And yet by faith we are here. By faith perhaps we’ve caught a glimpse of something. By faith Abraham and Sarah died not having received the things that were promised to them, but having caught a glimpse of them in the distance. Abraham and Sarah were strangers and exiles upon the earth. By faith they were longing for a better homeland. Faith isn’t a neat packaging of things up. It’s a stranger and exile upon the earth and doesn’t know anything for certain. Faith is homesickness, a lump in the throat, not a position on anything, rather a moving towards something.

And the gospel reading too is not a call to be certain but a call to be open. The passage starts with reassuring words -- ‘do not be afraid’ -- but then Jesus tells us to sell all our possessions and to give alms. I don’t want to push this under the carpet, because they are challenging words, but they are for another time.

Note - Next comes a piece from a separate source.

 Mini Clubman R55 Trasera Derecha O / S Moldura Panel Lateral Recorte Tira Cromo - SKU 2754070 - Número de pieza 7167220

For now we might ask if Abraham setting out on a journey is a model of a life that is possession-free, and question what gets in the way of us having this openness to following God’s call.

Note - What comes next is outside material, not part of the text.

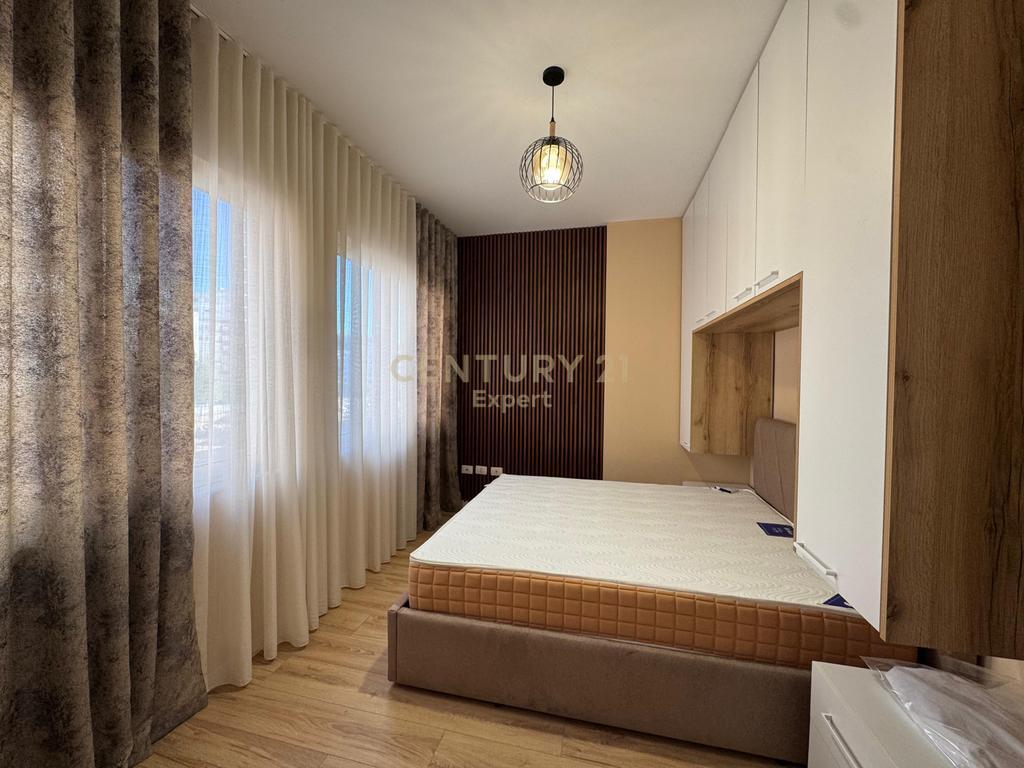 Apartament 1+1 Me Qira në Yzberish, Tiranë!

But for now I’m more interested in the second part of the gospel reading. Jesus goes from telling us not to worry, to selling our possessions, to telling us to be awake, to be ready. And a part of us expects this advice in the context of the Son of Man returning and casting up lists of names, working out who’s in and who’s out.

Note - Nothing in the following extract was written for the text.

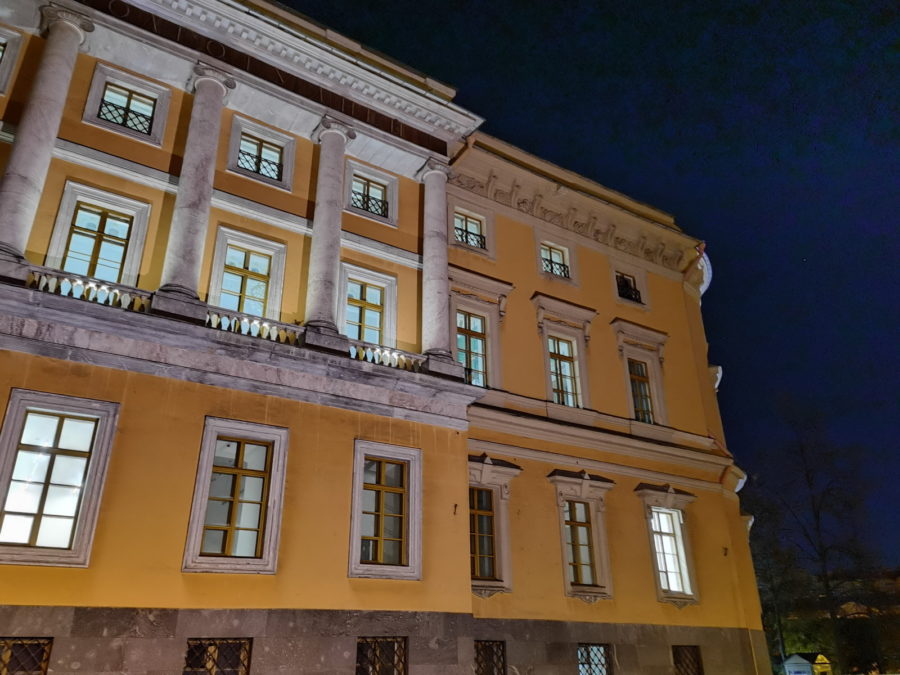 Как снимает новый Huawei Mate 40 Pro за 1200 евро? В объективе Петербург11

Except that’s not what happens. The master returns and makes the servants recline and he will come and serve them. In that time men wore long, loose clothing and in order to work they have to gird their robes about their waists to allow freedom of movement. So whatever you social standing you would have understood the image: servants and slaves waiting for the return of their master. You would imagine them with their robes girded around their waist ready to spring into action when their master called, keeping their lamps lit so they could respond immediately.

And yet when he does return, he tells them, his attentive slaves, to recline at the table. And he girds up his robes, and serves them.

It was by faith that Abraham obeyed the call of God and set out for a country that was his inheritance given to him. By faith he saw a promise, a future, a very long journey ahead of him. By faith we are called to set out on a journey’s that involves being open, being ready to receive Christ’s blessing. That action may come when we least expect it or imagine seeing it. If it’s God’s we’re looking for on this journey, perhaps the reason we only catch tiny glimpses and we can’t prove anything is because we look in the wrong places.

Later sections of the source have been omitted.